JAKARTA – Gubernur Bank Indonesia (BI) Perry Warjiyo menyampaikan, bahwa dunia semakin tidak ada terprediksi, salah satunya dengan terpilihnya lagi Donald Trump sebagai presiden Amerika Serikat (AS) . Adapun hal ini menjadi penting mengingat kebijakan Trump pada menghadapi gejolak dunia.
Menurut Perry, kebijakan Trump yang tersebut mengutamakan negaranya harus dicermati, sebab ia tak percaya pada multilateralisme. Maka demikian, Trump mengincar tarif impor tinggi pada beberapa jumlah negara.
“He does not believe on those kind, he only believes in bilateral deal. Oleh oleh sebab itu itu, makanya yang dimaksud disasar sekarang adalah negara-negara yang dimaksud punya surplus besar perdagangan dengan Amerika Serikat,” ujar Perry dalam Seminar KAFEGAMA, Menara BTN, Hari Sabtu (14/12/2014).

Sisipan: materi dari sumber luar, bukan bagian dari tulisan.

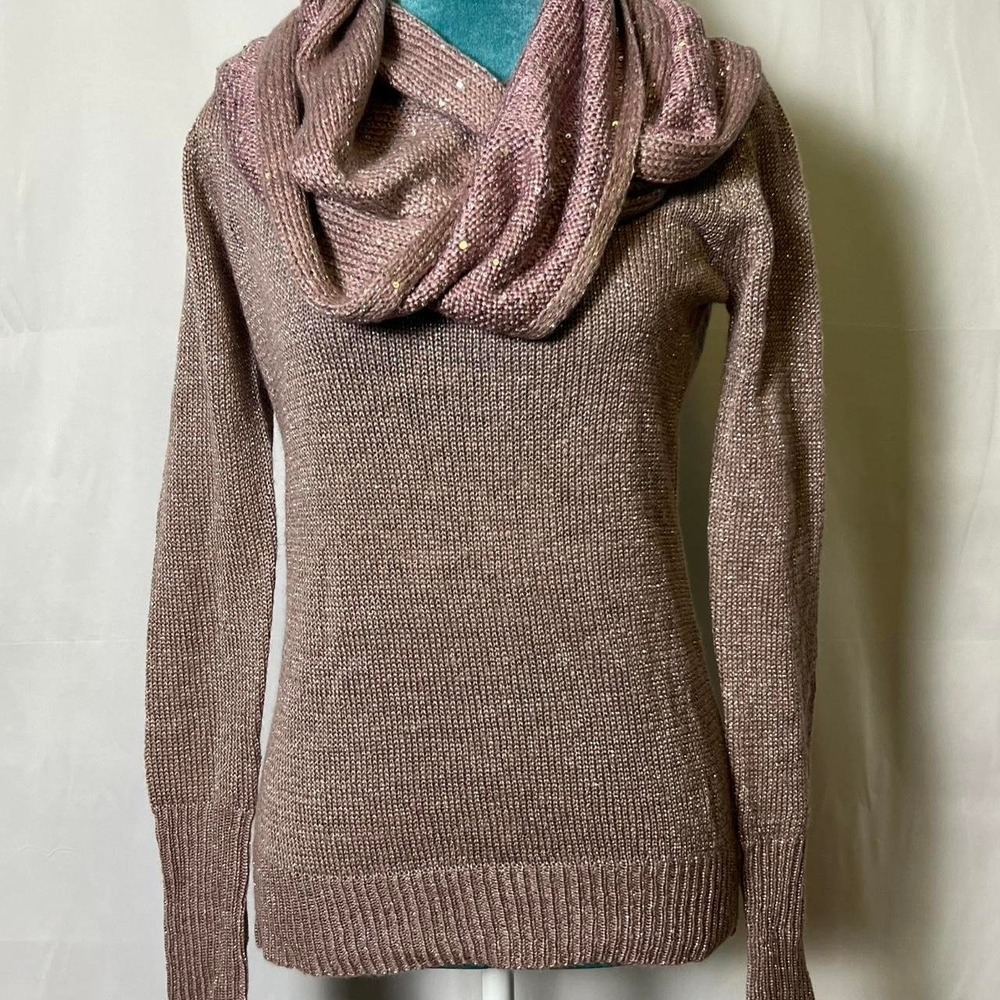 Calvin Klein Balletcore NWT Womens Rose Gold Sequin Sweater Scarf Set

Perry menjabarkan negara dengan surplus perdagangan besar itu adalah China, Kanada, Eropa, lalu Vietnam yang mana menjadi negara Asia Tenggara satu-satunya.

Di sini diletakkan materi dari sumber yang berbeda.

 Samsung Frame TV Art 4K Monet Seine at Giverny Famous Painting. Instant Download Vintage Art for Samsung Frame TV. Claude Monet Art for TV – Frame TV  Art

“Itulah negara-negara yang digunakan punya surplus perdagangan besar dengan Amerika lalu karenanya ia akan mengenakan tarif yang mana tinggi bagi barang-barang yang tersebut diimpor Amerika dari lima negara itu,” jelas Perry.

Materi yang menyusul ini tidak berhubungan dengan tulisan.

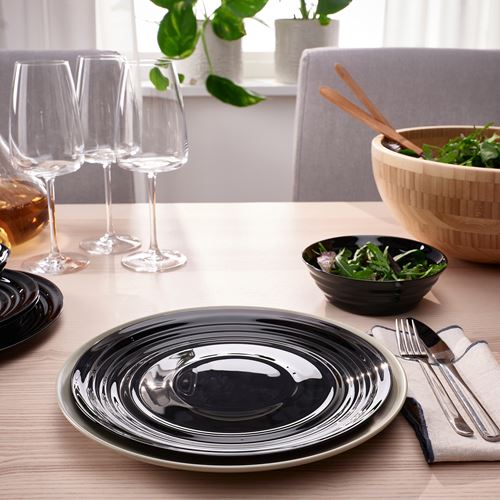 IKEA - NATBARB, plate, black, 24 cm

Bahkan, Perry mengumumkan Trump sekarang sudah ada merencanakan tarif minimal 25% untuk China per semester II-2025. Kemudian juga sudah ada diberitahukan tarif perdagangan terhadap Kanada.
Selain itu, Perry mengatakan, Donald Trump juga sudah ada menyiapkan kebijakan imigrasi yang mana sangat ketat terhadap semua pekerja. Dalam hal ini oramg asing di tempat Amerika yang tersebut tak punya izin sah akan diusir dengan paksa.
“Kenapa? supaya ekspor Amerika naik, impor Amerika turun sehingga pertumbuhannya bisa saja naik. Dan oleh sebab itu itu juga untuk tenaga kerja, supaya orang-orang Amerika yang dimaksud dipekerjakan tidak orang-orang asing, khususnya dari Meksiko,” ungkap Perry.
Oleh dikarenakan itu, Perry mengatakan, kebijakan ekspor-impor Trump harus dipelajari agar dapat ditangani. Meskipun surplus perdagangan Indonesia dengan Negeri Paman Sam tak terlalu besar, Perry mengungkapkan Indonesia harus memahami bagaimana bisa saja mendapatkan perjanjian secara langsung dengan AS. Bukan melalui WTO atau CEPA.